Rep: Ronggo Astungkoro/ Red: Friska Yolandha
Seorang warga Batak beraktivitas di depan rumah adat di Desa Lintong Ni Huta, Kecamatan Tampahan, Kabupaten Toba Samosir, Sumatera Utara, Rabu (11/3/2020). Salah satu skenario terpilih dari program Indonesiana Film yang difasilitasi Direktorat Jenderal Kebudayaan Kemendikbudristek dengan judul 'Tulang Belulang Tulang' berhasil menarik investor Adhya Pictures.
Foto: Antara/Septianda Perdana
Seorang warga Batak beraktivitas di depan rumah adat di Desa Lintong Ni Huta, Kecamatan Tampahan, Kabupaten Toba Samosir, Sumatera Utara, Rabu (11/3/2020). Salah satu skenario terpilih dari program Indonesiana Film yang difasilitasi Direktorat Jenderal Kebudayaan Kemendikbudristek dengan judul 'Tulang Belulang Tulang' berhasil menarik investor Adhya Pictures.

REPUBLIKA.CO.ID, JAKARTA -- Salah satu skenario terpilih dari program Indonesiana Film yang difasilitasi Direktorat Jenderal Kebudayaan Kemendikbudristek dengan judul 'Tulang Belulang Tulang' berhasil menarik investor Adhya Pictures. Tulang Belulang Tulang merupakan hasil inkubasi program Indonesiana Film 2021 yang diselenggarakan oleh Kemendikbudristek guna mendukung inisiatif-inisiatif masyarakat di bidang Kebudayaan termasuk bidang perfilman.

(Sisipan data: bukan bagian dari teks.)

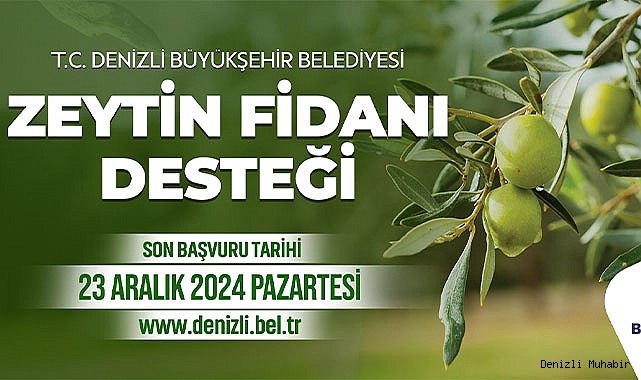 Zeytin fidanı desteği başvuru süresi uzatıldı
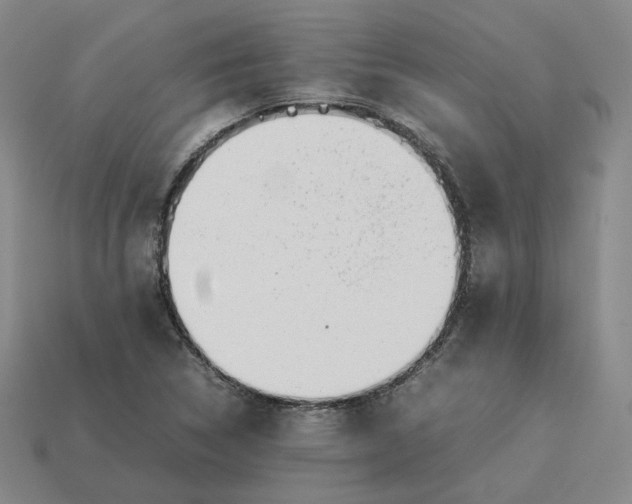 X0000113261314200910011359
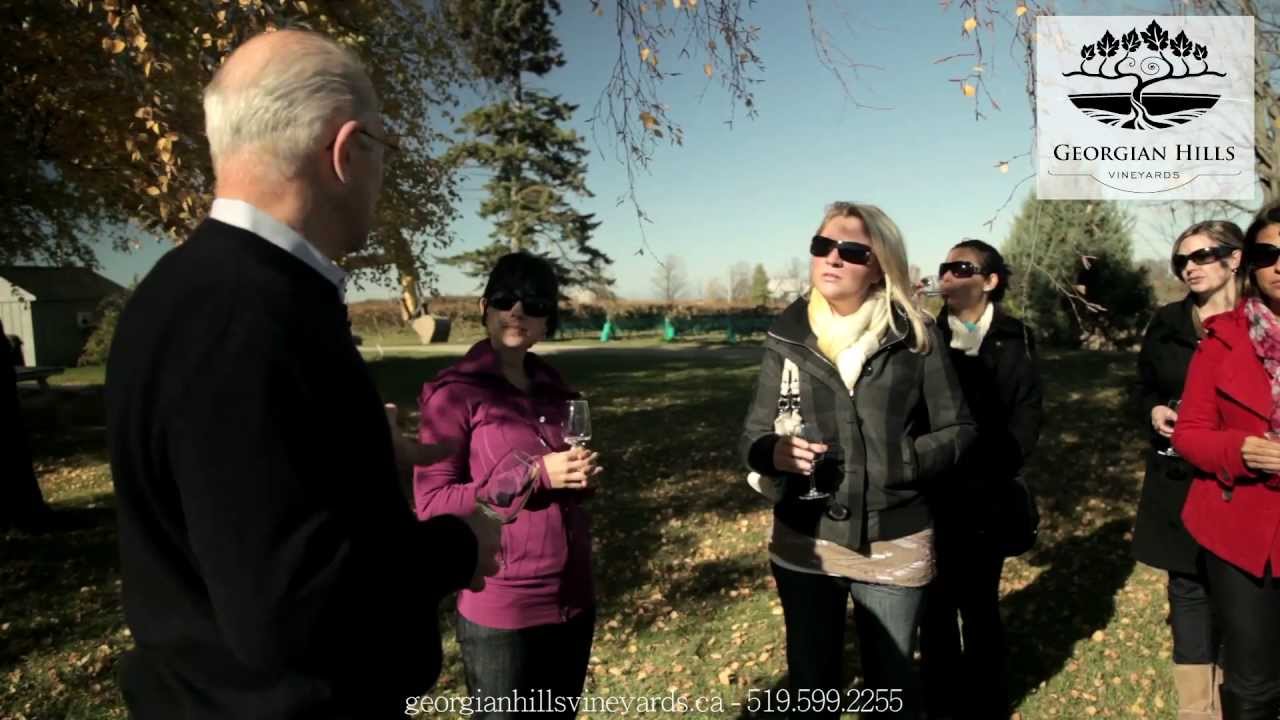 Georgian Hills Vineyards - The Vineyards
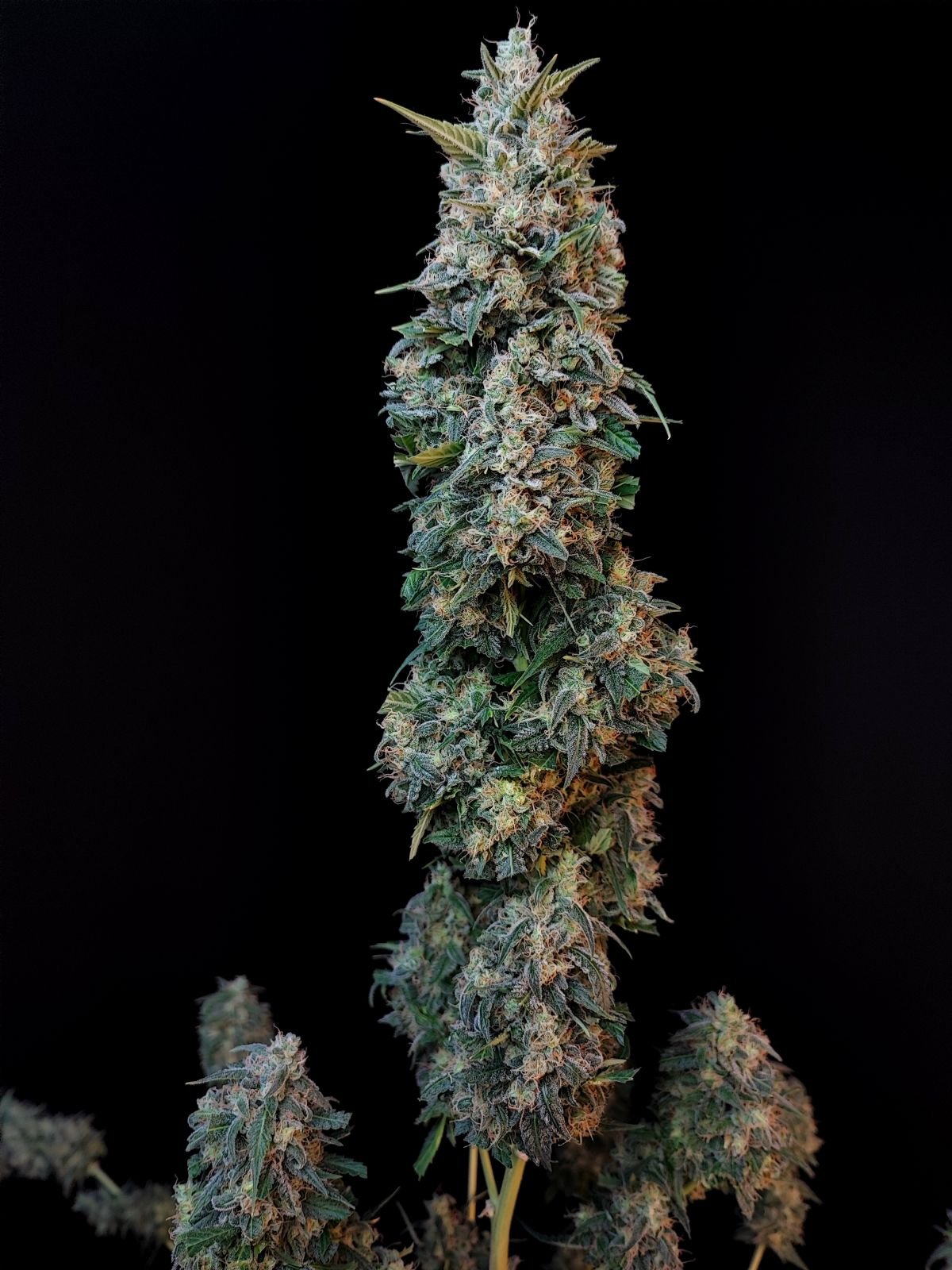 Sour Diesel Auto - Cannaseuse - Curated Genetics - 42 Fast Buds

"Kita sangat mendukung dan bangga dengan rencana produksi film ini. Saat ini, isu dan nilai kearifan lokal menjadi daya tarik yang tidak habisnya untuk diangkat menjadi sebuah film. Kekhasan dan kedekatan terhadap nilai-nilai yang hidup di masyarakat membuat film menjadi lebih berwarna, menarik, dan memberikan pengalaman yang unik bagi penonton," ujar Direktur Jenderal Kebudayaan Kemendikbudristek, Hilmar Farid, Rabu (8/3/2023).

Baca Juga

Hilmar mengatakan, Indonesiana Film dimulai dengan program lokakarya untuk mengembangkan kapasitas penulisan skenario dan produksi film bagi para produser, penulis skenario, dan sutradara. Semua diselenggarakan oleh Direktorat Perfilman, Musik dan Media Direktorat Jenderal Kebudayaan Kemendikbudristek.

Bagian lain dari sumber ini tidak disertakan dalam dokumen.